Marx argued that capitalism, like
previous socioeconomic systems, would inevitably produce internal
tensions which would lead to its destruction. Just as capitalism
replaced feudalism, he believed socialism would, in its turn,
replace capitalism, and lead to a stateless, classless society
called pure communism. This would emerge after a transitional
period called the "dictatorship of the proletariat": a period
sometimes referred to as the "workers state" or "workers'
democracy". In section one of The Communist Manifesto Marx
describes feudalism, capitalism, and the role internal social
contradictions play in the historical process:
We see then: the means of
production and of exchange, on whose foundation the
bourgeoisie built itself up, were generated in feudal
society. At a certain stage in the development of these means
of production and of exchange, the conditions under which
feudal society produced and exchanged...the feudal relations
of property became no longer compatible with the already
developed productive forces; they became so many fetters. They
had to be burst asunder; they were burst asunder. Into their
place stepped free competition, accompanied by a social and
political constitution adapted in it, and the economic and
political sway of the bourgeois class. A similar movement is
going on before our own eyes.... The productive forces at the
disposal of society no longer tend to further the development
of the conditions of bourgeois property; on the contrary, they
have become too powerful for these conditions, by which they
are fettered, and so soon as they overcome these fetters, they
bring order into the whole of bourgeois society, endanger the
existence of bourgeois property.
Marx argued for a systemic
understanding of socio-economic change. He argued that the
structural contradictions within capitalism necessitate its end,
giving way to socialism:
The development of Modern
Industry, therefore, cuts from under its feet the very
foundation on which the bourgeoisie produces and appropriates
products. What the bourgeoisie, therefore, produces, above
all, are its own grave-diggers. Its fall and the victory of
the proletariat are equally inevitable.
—(The Communist Manifesto)
On the other hand, Marx argued
that socio-economic change occurred through organized
revolutionary action. He argued that capitalism will end through
the organized actions of an international working class:
"Communism is for us not a state of affairs which is to be
established, an ideal to which reality will have to adjust itself.

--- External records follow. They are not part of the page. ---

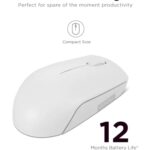 Lenovo 300 Wireless Mouse – Computer Mouse for PC, Laptop with Windows – Ambidextrous Design – 2.4 GHz Nano USB Receiver – 12 Month Battery Life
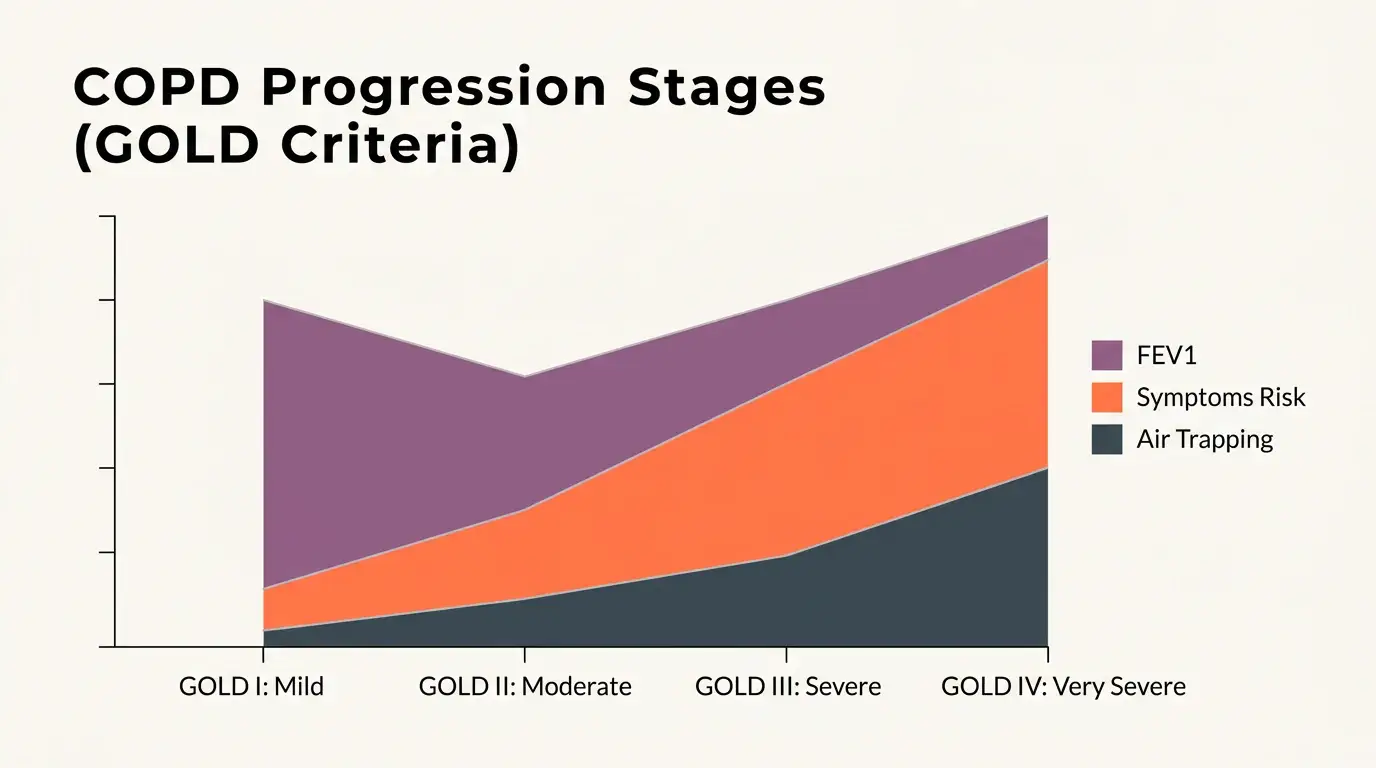 Corporate Muted Professional theme on a Stacked Area Chart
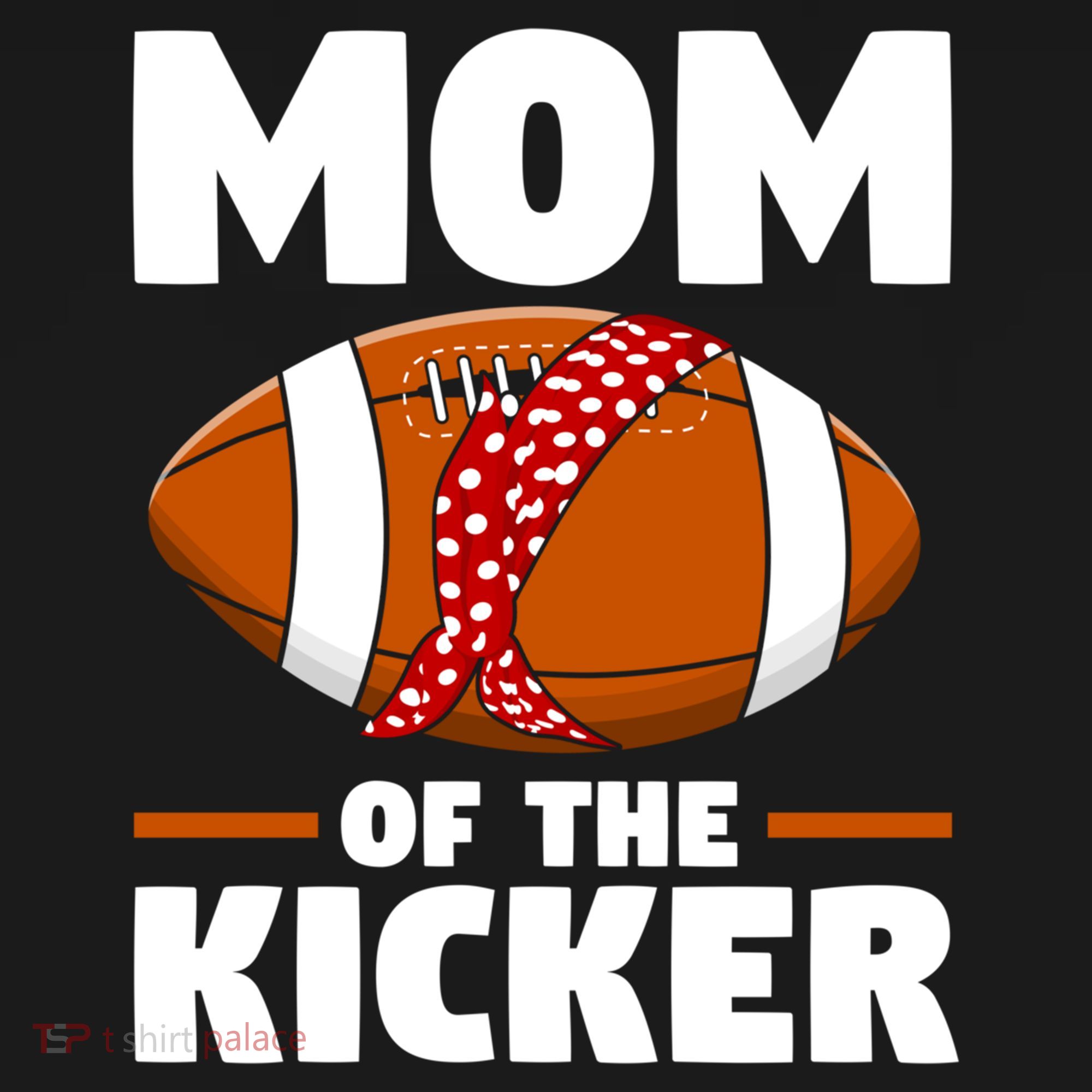 Mother's Day American Football Mommy Mom Of The Kicker Cute Gift Women's Hoodie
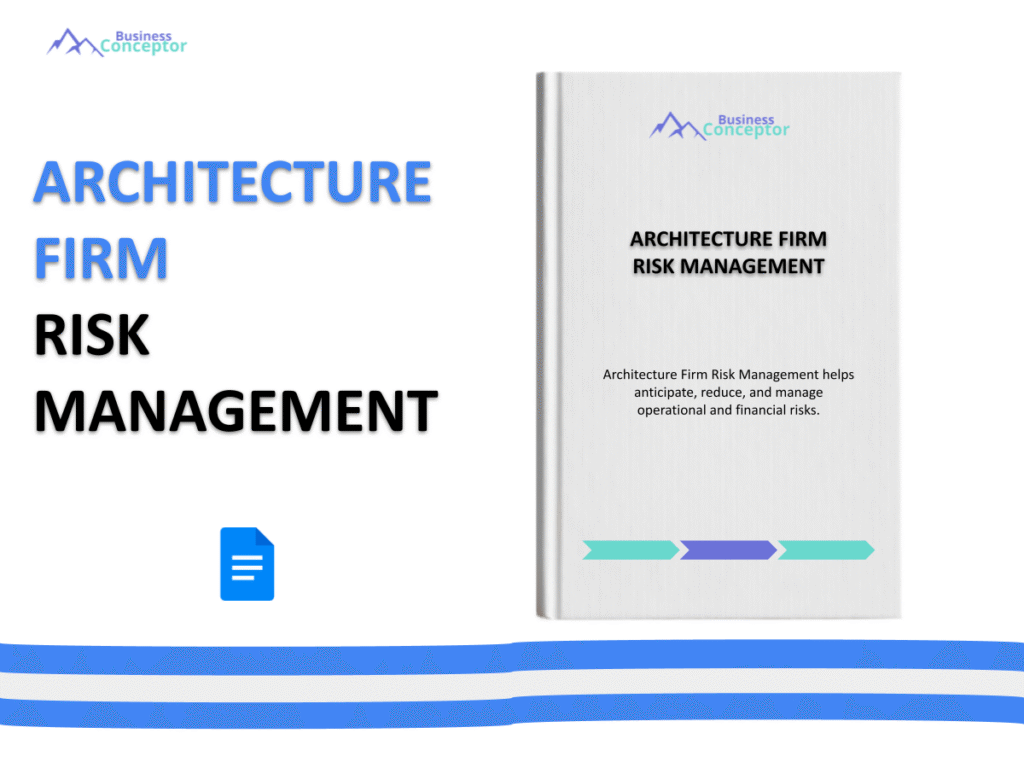 Cover RISK MANAGEMENT for Architecture Firm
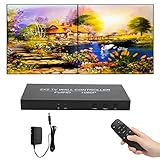 ASHATA 2x2 4K Video Wand-Controller, HDMI Video Bildprozessor Bildschirm Spleißen 1080P...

We call communism the real movement which abolishes the present
state of things. The conditions of this movement result from the
premises now in existence."
While Marx remained a relatively
obscure figure in his own lifetime, his ideas and the ideology of
Marxism began to exert a major influence on workers' movements
shortly after his death. This influence gained added impetus with
the victory of the Bolsheviks in the Russian October Revolution in
1917, and few parts of the world remained significantly untouched
by Marxian ideas in the course of the twentieth century. Marx is
typically cited, with Émile Durkheim and Max Weber, as one of the
three principal architects of modern social science.